Short text fragments from websites
====================

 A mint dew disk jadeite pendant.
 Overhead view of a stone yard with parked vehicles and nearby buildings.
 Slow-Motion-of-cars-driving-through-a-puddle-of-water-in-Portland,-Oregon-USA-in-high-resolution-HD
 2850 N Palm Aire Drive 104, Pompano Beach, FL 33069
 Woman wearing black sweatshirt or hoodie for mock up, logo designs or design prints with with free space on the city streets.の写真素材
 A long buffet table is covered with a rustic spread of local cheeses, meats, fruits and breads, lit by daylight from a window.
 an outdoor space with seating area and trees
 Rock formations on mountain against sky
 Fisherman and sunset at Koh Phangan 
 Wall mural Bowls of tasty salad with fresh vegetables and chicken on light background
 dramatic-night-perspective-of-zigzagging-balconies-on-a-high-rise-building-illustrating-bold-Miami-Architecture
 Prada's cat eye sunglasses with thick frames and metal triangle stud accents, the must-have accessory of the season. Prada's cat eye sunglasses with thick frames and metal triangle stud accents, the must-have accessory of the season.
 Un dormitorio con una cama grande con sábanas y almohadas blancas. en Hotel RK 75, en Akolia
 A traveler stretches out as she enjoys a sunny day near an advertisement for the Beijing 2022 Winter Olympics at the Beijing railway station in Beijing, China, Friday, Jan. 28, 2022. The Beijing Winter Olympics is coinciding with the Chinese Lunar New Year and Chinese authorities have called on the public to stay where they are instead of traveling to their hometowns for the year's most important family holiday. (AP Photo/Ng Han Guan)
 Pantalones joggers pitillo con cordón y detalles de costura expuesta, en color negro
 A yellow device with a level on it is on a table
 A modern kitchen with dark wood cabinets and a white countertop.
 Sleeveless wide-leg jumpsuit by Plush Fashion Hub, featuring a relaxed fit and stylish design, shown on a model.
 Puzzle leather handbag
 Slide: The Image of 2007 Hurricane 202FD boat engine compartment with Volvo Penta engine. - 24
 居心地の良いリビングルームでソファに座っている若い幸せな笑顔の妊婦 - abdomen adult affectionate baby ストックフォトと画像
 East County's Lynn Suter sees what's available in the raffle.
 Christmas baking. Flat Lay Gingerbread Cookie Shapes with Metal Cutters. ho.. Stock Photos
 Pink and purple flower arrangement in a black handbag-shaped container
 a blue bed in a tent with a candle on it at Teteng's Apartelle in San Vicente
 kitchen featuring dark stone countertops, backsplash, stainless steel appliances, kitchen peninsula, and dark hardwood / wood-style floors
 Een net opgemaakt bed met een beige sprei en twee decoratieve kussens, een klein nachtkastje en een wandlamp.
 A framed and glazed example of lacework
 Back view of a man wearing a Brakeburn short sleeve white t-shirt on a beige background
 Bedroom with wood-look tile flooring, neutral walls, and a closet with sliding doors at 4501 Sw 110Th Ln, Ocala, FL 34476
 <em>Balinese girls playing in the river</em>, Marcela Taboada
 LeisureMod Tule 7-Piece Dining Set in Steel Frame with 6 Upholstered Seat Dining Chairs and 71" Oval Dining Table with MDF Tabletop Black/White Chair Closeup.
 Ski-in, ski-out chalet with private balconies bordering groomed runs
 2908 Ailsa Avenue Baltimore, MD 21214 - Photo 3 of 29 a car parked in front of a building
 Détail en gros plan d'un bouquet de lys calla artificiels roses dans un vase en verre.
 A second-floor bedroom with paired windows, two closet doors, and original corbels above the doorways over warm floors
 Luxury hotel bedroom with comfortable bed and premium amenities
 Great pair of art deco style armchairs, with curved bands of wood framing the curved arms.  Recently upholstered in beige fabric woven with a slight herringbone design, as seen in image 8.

====================

*TASK DESCRIPTION:* Copy out the records in full, matching every line character for character.

*EXERCISE OUTPUT:*
 A mint dew disk jadeite pendant.
 Overhead view of a stone yard with parked vehicles and nearby buildings.
 Slow-Motion-of-cars-driving-through-a-puddle-of-water-in-Portland,-Oregon-USA-in-high-resolution-HD
 2850 N Palm Aire Drive 104, Pompano Beach, FL 33069
 Woman wearing black sweatshirt or hoodie for mock up, logo designs or design prints with with free space on the city streets.の写真素材
 A long buffet table is covered with a rustic spread of local cheeses, meats, fruits and breads, lit by daylight from a window.
 an outdoor space with seating area and trees
 Rock formations on mountain against sky
 Fisherman and sunset at Koh Phangan 
 Wall mural Bowls of tasty salad with fresh vegetables and chicken on light background
 dramatic-night-perspective-of-zigzagging-balconies-on-a-high-rise-building-illustrating-bold-Miami-Architecture
 Prada's cat eye sunglasses with thick frames and metal triangle stud accents, the must-have accessory of the season. Prada's cat eye sunglasses with thick frames and metal triangle stud accents, the must-have accessory of the season.
 Un dormitorio con una cama grande con sábanas y almohadas blancas. en Hotel RK 75, en Akolia
 A traveler stretches out as she enjoys a sunny day near an advertisement for the Beijing 2022 Winter Olympics at the Beijing railway station in Beijing, China, Friday, Jan. 28, 2022. The Beijing Winter Olympics is coinciding with the Chinese Lunar New Year and Chinese authorities have called on the public to stay where they are instead of traveling to their hometowns for the year's most important family holiday. (AP Photo/Ng Han Guan)
 Pantalones joggers pitillo con cordón y detalles de costura expuesta, en color negro
 A yellow device with a level on it is on a table
 A modern kitchen with dark wood cabinets and a white countertop.
 Sleeveless wide-leg jumpsuit by Plush Fashion Hub, featuring a relaxed fit and stylish design, shown on a model.
 Puzzle leather handbag
 Slide: The Image of 2007 Hurricane 202FD boat engine compartment with Volvo Penta engine. - 24
 居心地の良いリビングルームでソファに座っている若い幸せな笑顔の妊婦 - abdomen adult affectionate baby ストックフォトと画像
 East County's Lynn Suter sees what's available in the raffle.
 Christmas baking. Flat Lay Gingerbread Cookie Shapes with Metal Cutters. ho.. Stock Photos
 Pink and purple flower arrangement in a black handbag-shaped container
 a blue bed in a tent with a candle on it at Teteng's Apartelle in San Vicente
 kitchen featuring dark stone countertops, backsplash, stainless steel appliances, kitchen peninsula, and dark hardwood / wood-style floors
 Een net opgemaakt bed met een beige sprei en twee decoratieve kussens, een klein nachtkastje en een wandlamp.
 A framed and glazed example of lacework
 Back view of a man wearing a Brakeburn short sleeve white t-shirt on a beige background
 Bedroom with wood-look tile flooring, neutral walls, and a closet with sliding doors at 4501 Sw 110Th Ln, Ocala, FL 34476
 <em>Balinese girls playing in the river</em>, Marcela Taboada
 LeisureMod Tule 7-Piece Dining Set in Steel Frame with 6 Upholstered Seat Dining Chairs and 71" Oval Dining Table with MDF Tabletop Black/White Chair Closeup.
 Ski-in, ski-out chalet with private balconies bordering groomed runs
 2908 Ailsa Avenue Baltimore, MD 21214 - Photo 3 of 29 a car parked in front of a building
 Détail en gros plan d'un bouquet de lys calla artificiels roses dans un vase en verre.
 A second-floor bedroom with paired windows, two closet doors, and original corbels above the doorways over warm floors
 Luxury hotel bedroom with comfortable bed and premium amenities
 Great pair of art deco style armchairs, with curved bands of wood framing the curved arms.  Recently upholstered in beige fabric woven with a slight herringbone design, as seen in image 8.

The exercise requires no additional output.